_INSTRUCTIONS TO FOLLOW_
Repeat the data as given. Images do not go in the copy.

[Stored dataset items]
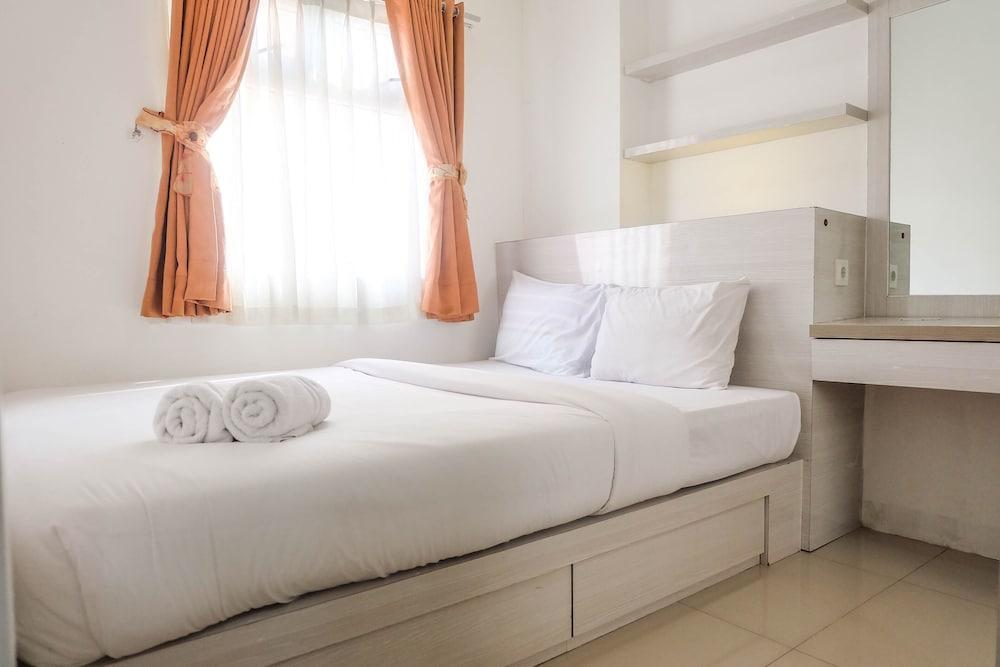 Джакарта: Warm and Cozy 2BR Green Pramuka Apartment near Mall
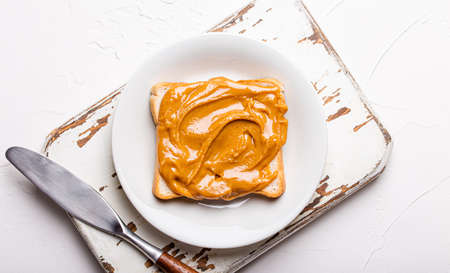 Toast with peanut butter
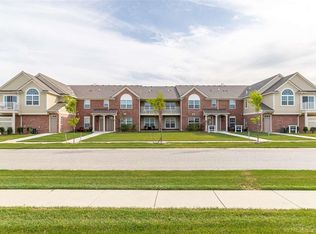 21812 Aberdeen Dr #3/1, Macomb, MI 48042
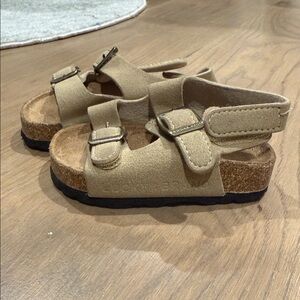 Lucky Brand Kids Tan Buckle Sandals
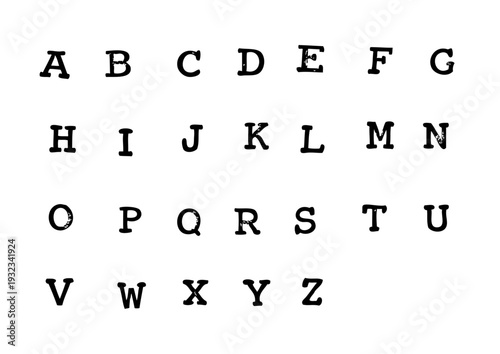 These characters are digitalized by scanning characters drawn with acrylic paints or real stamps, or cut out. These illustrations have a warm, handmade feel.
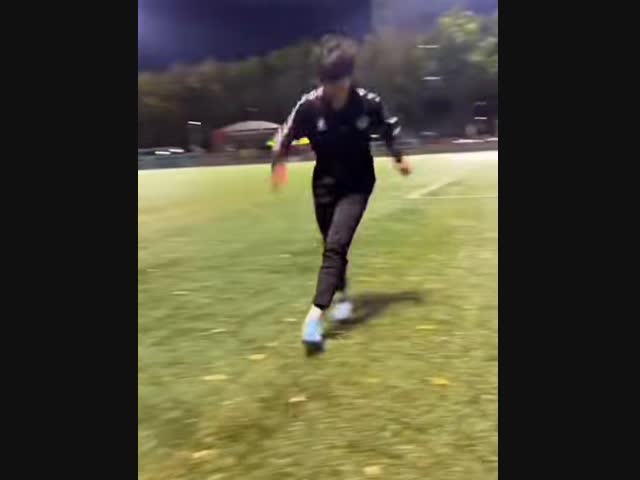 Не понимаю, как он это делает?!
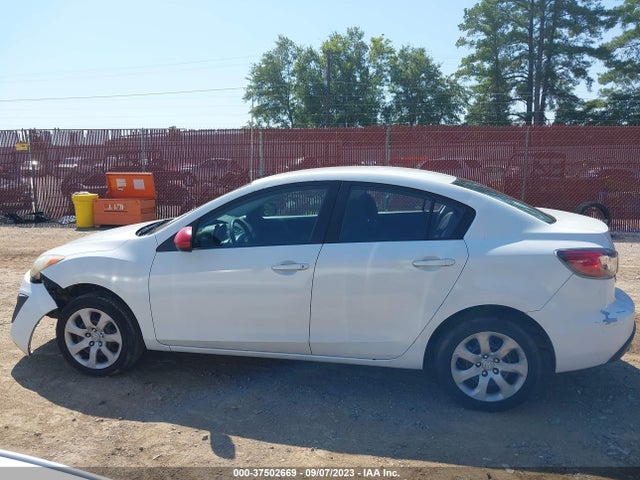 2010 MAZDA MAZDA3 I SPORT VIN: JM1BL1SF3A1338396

_EXERCISE RESULT_
 Джакарта: Warm and Cozy 2BR Green Pramuka Apartment near Mall
 Toast with peanut butter
 21812 Aberdeen Dr #3/1, Macomb, MI 48042
 Lucky Brand Kids Tan Buckle Sandals
 These characters are digitalized by scanning characters drawn with acrylic paints or real stamps, or cut out. These illustrations have a warm, handmade feel.
 Не понимаю, как он это делает?!
 2010 MAZDA MAZDA3 I SPORT VIN: JM1BL1SF3A1338396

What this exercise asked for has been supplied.